Brands: In 2017, Mara Hoffman introduced Repreve into its swimwear collections.
FLWRDWN: Wildflowers

Materials: Traditional puffer coats are stuffed with down feathers acquired through a process that is fatal to animals. Vegan alternatives are often petroleum-based microplastics that leak into the oceans after washing and once thrown away in landfills. FLWRDWN offers a biodegradable and vegan solution. Wildflowers are carefully sourced from areas that contribute to habitat restoration. They are harvested from nature, rather than grown as a crop in an effort to preserve groundwater. The end result is a coat that can withstand sub-zero temperatures with biodegradable eco-friendly materials.
Bananatex: Bananas

Company: Thanks to Bananatex banana plants are now turned into a durable and waterproof fabric that can replace polyester.

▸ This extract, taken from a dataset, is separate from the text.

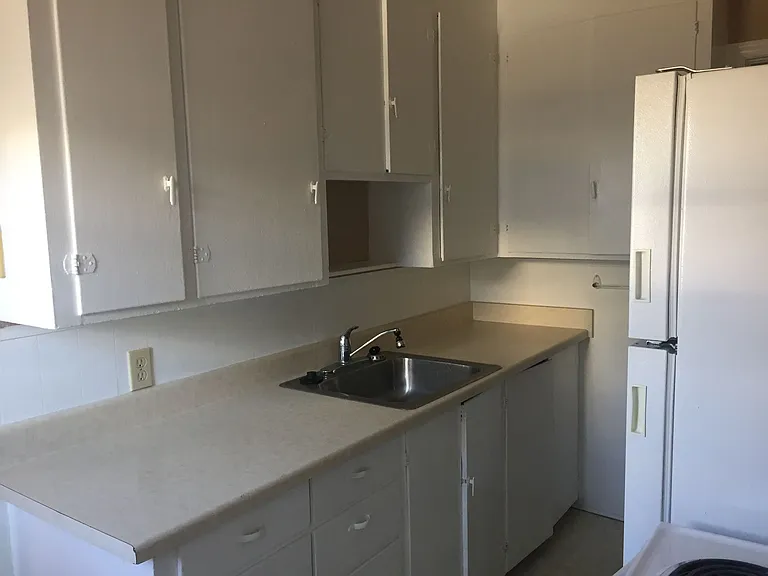 Hillcrest Apartments — Photo 1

Material: As part of the natural ecosystem, stalks of banana plants are harvested yearly since they can fully regenerate within 1 year. Chemical treatments aren’t used on the stalk during harvesting and leaves are left on the forest floors to decompose into a natural fertilizer. The stalk is then turned into a yarn that is dyed using natural methods that meet the Oeko-Tex Standard 100.
Brands: The Swiss lifestyle brand, Qwstion, uses Bananatex in its range of backpacks, pouches, and other accessories.